# Strong version of Baire Category Theorem

We know that in a complete metric space or compact Hausdorff space the intersection of $\omega$-many open dense sets is dense.

In such spaces is the intersection of fewer than $2^\omega$-many open dense sets dense? What about in compact metric spaces?
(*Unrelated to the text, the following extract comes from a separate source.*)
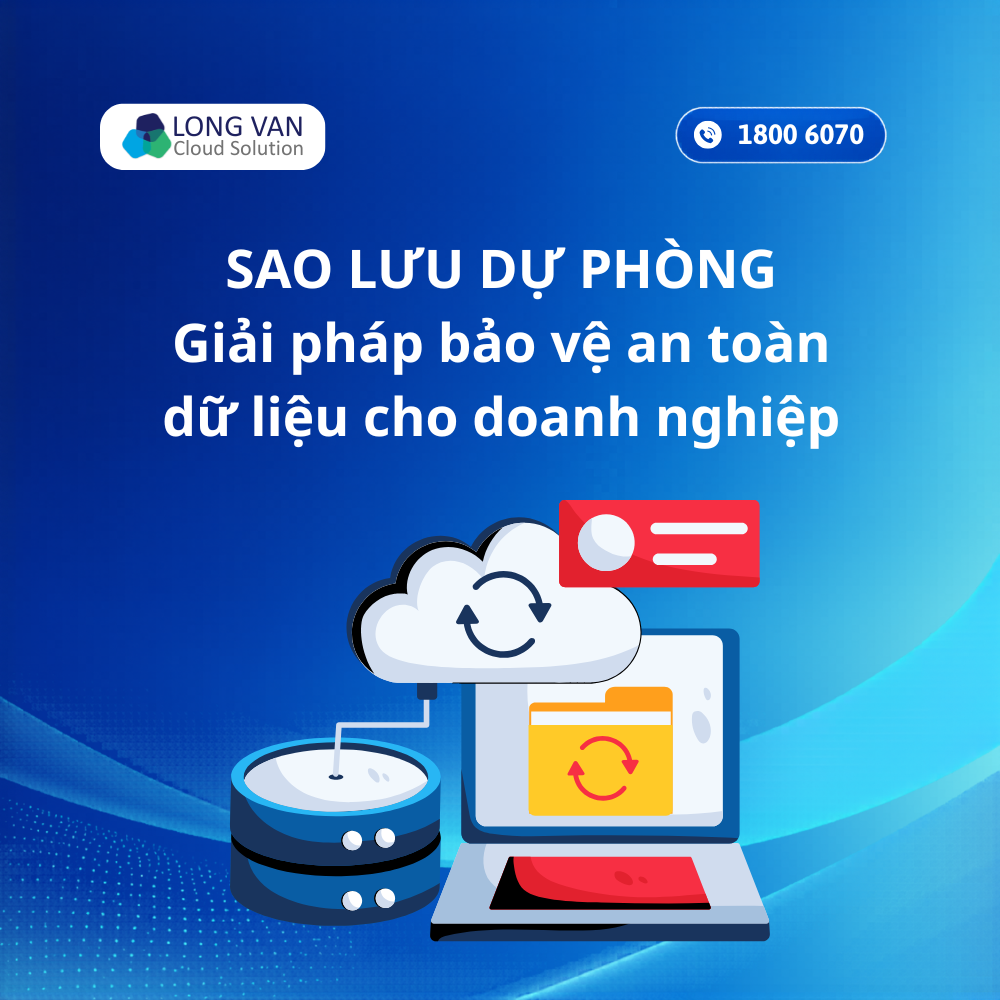 Sao lưu dự phòng là gì? Giải pháp bảo vệ an toàn dữ liệu cho doanh nghiệp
• In fact, I think I remember seeing something similar under a name strong Baire category theorem or SBCT . Maybe you can find a few additional references by searching for this. – Martin Sleziak Dec 9 '14 at 19:01
• Indeed, e.g. math.toronto.edu/tall/publications/55.pdf mentions that MA for countable posets is equivalent to this property of dense open sets for the reals. – Henno Brandsma Dec 9 '14 at 20:32

The statement that for $X$ compact Hausdorff that is ccc (there is no uncountable family of non-empty pairwise disjoint open sets) every intersection of $<2^{\aleph_0}$ open dense sets is dense is equivalent to Martin's axiom MA.
Without the ccc condition on $X$, the statement is false in ZFC. For compact metrisable spaces ccc follows (as these are separable, and this implies ccc), so it would be a consequence of MA. I don't think it is a ZFC fact, though I don't have a consistent counterexample at hand.
It is perhaps also worth noting that the statement 'for all nonempty separable compact Hausdorff spaces, the intersection of $<2^{\aleph_0}$ open dense sets is dense' is equivalent to Martin's Axiom for $\sigma$-centered posets. A subset $C$ of a poset $P$ is centered if for any $p_1,\ldots,p_n\in C$ there is a $q\in P$ such that $q\leq p_i$ for $i\leq n$. A poset is $\sigma$-centered if it is the union of countably many centered sets.